(Web page caption snippets)
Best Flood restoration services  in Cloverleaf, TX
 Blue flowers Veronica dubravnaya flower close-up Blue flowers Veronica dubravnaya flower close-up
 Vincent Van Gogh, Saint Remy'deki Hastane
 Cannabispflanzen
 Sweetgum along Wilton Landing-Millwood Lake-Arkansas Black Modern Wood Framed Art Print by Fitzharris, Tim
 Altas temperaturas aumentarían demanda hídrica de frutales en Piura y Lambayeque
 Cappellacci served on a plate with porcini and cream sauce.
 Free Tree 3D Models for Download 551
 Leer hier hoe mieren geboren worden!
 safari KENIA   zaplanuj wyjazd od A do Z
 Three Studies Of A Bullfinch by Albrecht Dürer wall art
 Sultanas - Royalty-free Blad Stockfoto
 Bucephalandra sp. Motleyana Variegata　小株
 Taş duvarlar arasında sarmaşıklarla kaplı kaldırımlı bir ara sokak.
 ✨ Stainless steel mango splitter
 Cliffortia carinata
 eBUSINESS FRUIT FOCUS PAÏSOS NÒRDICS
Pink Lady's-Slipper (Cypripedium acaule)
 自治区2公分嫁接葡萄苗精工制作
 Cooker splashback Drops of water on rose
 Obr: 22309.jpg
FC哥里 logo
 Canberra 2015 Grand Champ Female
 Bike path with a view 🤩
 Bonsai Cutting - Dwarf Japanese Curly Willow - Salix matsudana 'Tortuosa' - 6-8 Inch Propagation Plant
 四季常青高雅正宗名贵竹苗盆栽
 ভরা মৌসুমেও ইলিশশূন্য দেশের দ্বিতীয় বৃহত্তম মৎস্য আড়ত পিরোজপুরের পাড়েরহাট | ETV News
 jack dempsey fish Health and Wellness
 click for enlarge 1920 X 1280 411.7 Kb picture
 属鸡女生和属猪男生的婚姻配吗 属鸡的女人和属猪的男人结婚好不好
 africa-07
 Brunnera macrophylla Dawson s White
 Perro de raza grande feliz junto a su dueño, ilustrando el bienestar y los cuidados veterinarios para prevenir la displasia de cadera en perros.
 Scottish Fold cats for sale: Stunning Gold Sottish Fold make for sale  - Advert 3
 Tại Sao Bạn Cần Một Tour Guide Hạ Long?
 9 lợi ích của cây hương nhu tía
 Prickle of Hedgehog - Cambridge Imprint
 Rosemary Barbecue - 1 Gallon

TASK STATEMENT -
In the records above, locate the lines holding the word "with". Copy each of them.

ANSWER SPACE -
 Cappellacci served on a plate with porcini and cream sauce.
 Bike path with a view 🤩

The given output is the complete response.